#### [Data for review]

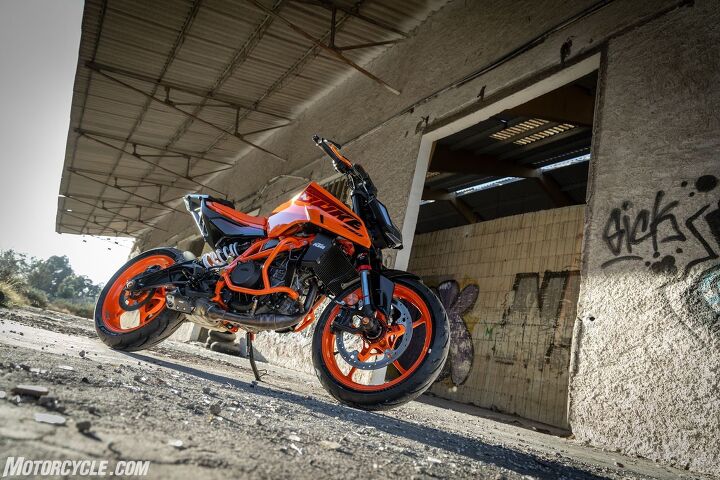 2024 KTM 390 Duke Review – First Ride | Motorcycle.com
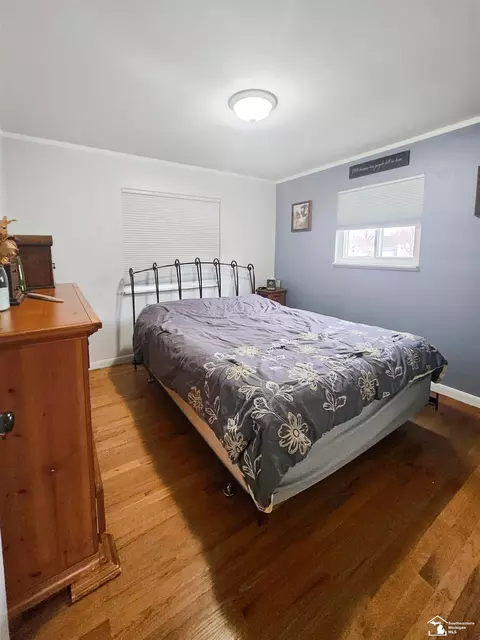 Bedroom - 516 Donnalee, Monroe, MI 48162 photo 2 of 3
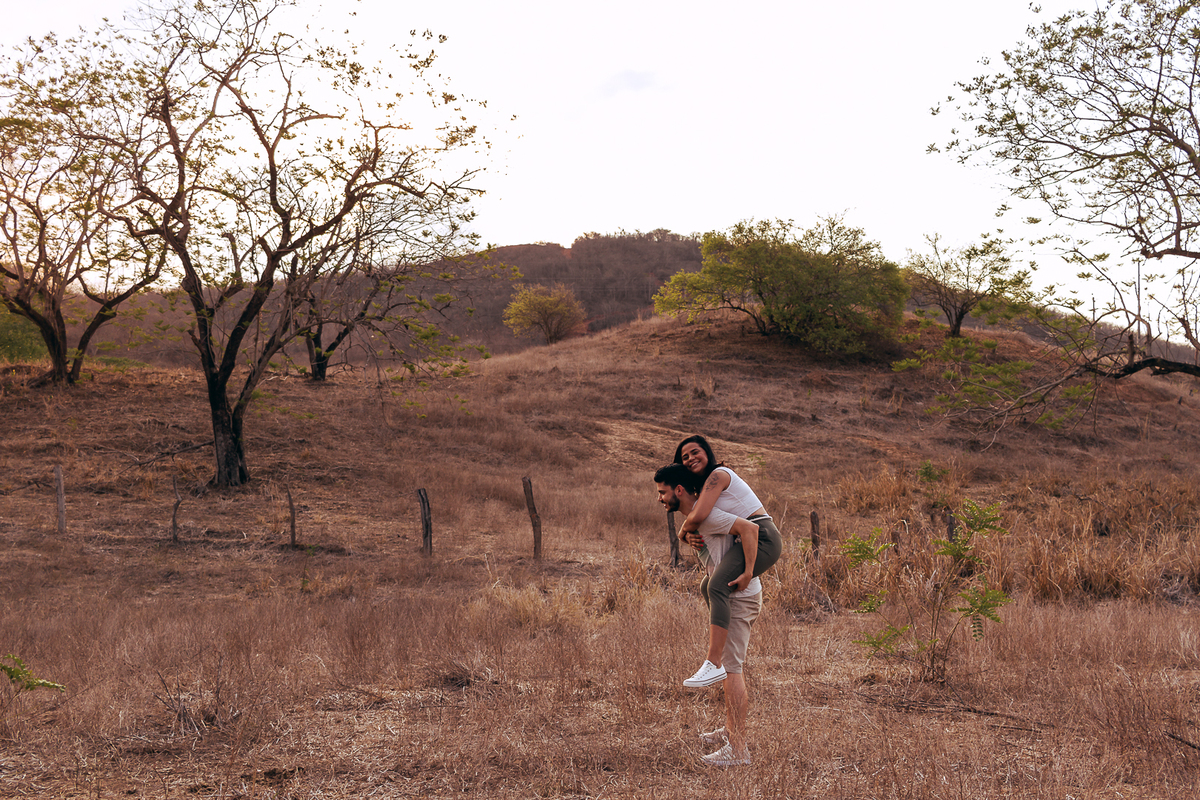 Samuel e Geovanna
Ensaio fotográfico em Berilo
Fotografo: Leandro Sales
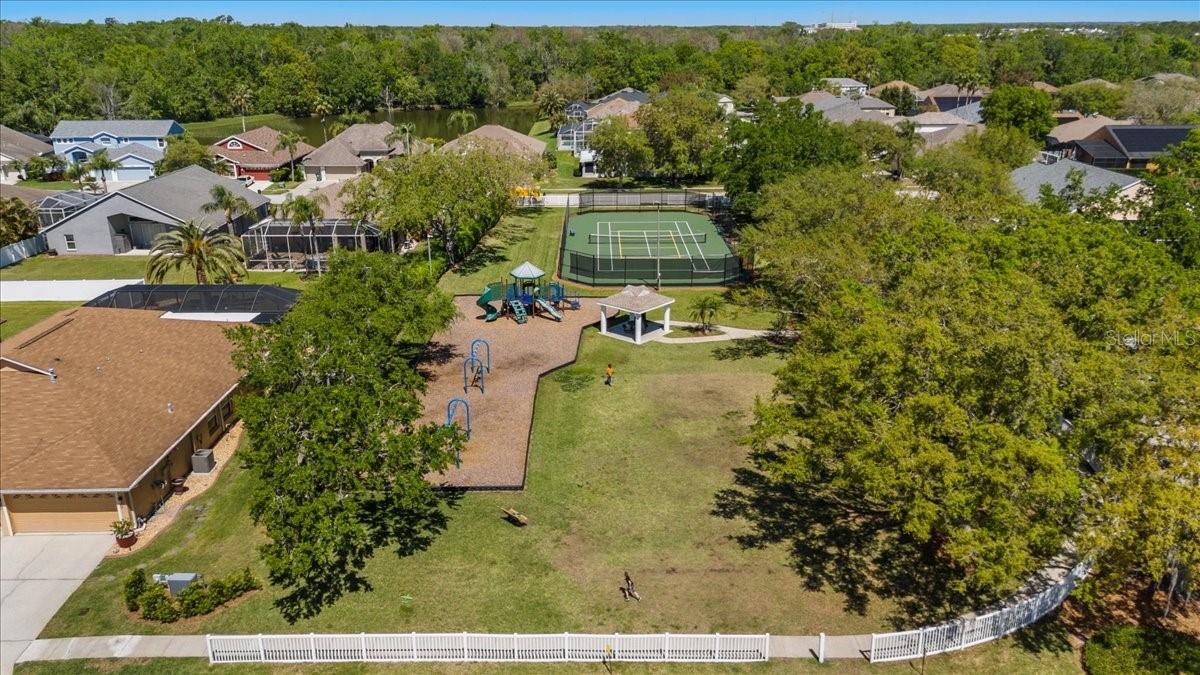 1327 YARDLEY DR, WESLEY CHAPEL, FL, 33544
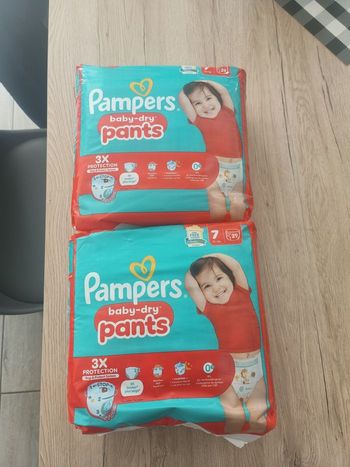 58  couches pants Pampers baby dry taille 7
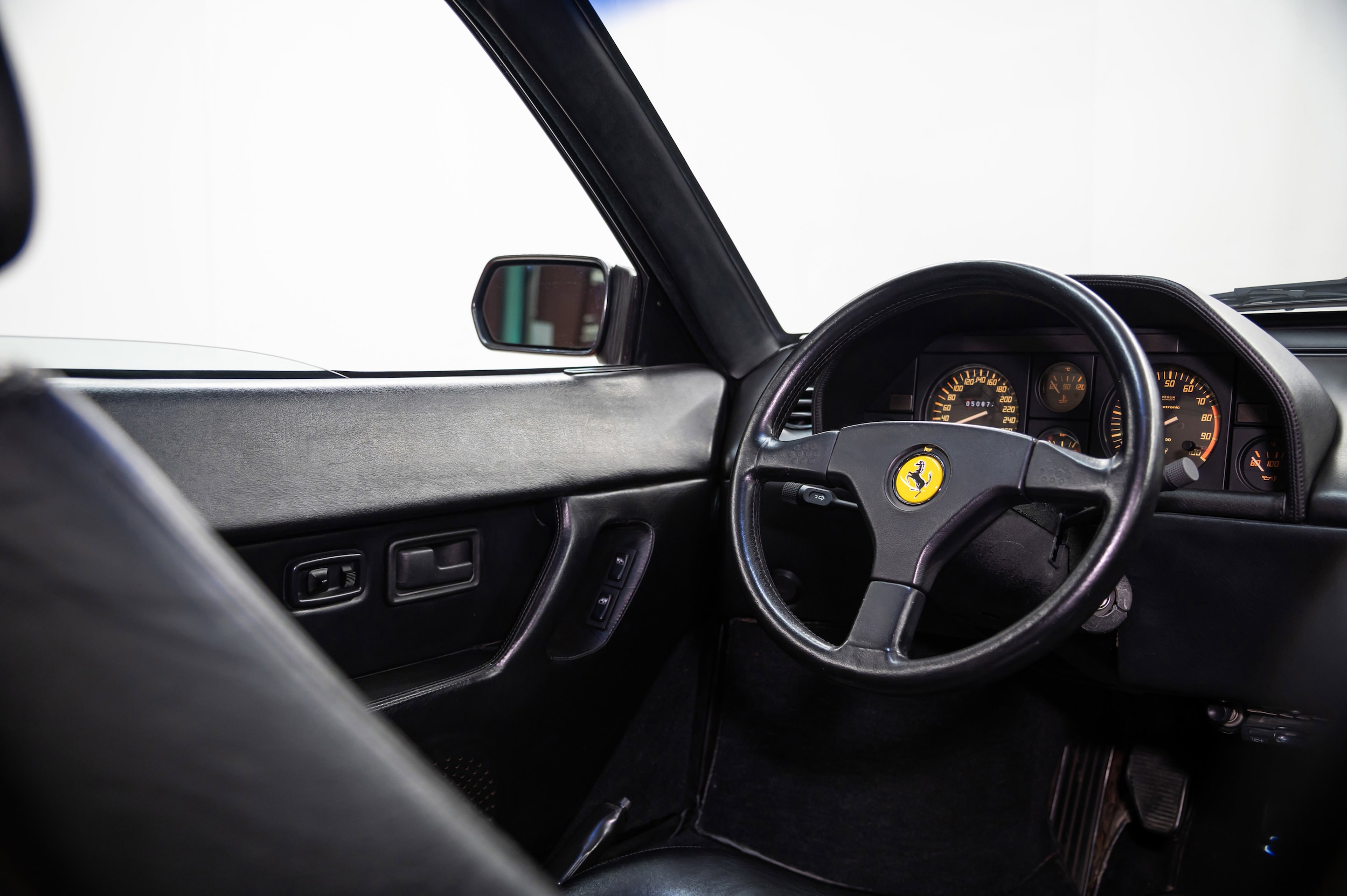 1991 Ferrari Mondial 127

#### [What is expected]
The entries should be reproduced word for word, pictures omitted.

#### [Solution to this exercise]
 2024 KTM 390 Duke Review – First Ride | Motorcycle.com
 Bedroom - 516 Donnalee, Monroe, MI 48162 photo 2 of 3
 Samuel e Geovanna
Ensaio fotográfico em Berilo
Fotografo: Leandro Sales
 1327 YARDLEY DR, WESLEY CHAPEL, FL, 33544
 58  couches pants Pampers baby dry taille 7
 1991 Ferrari Mondial 127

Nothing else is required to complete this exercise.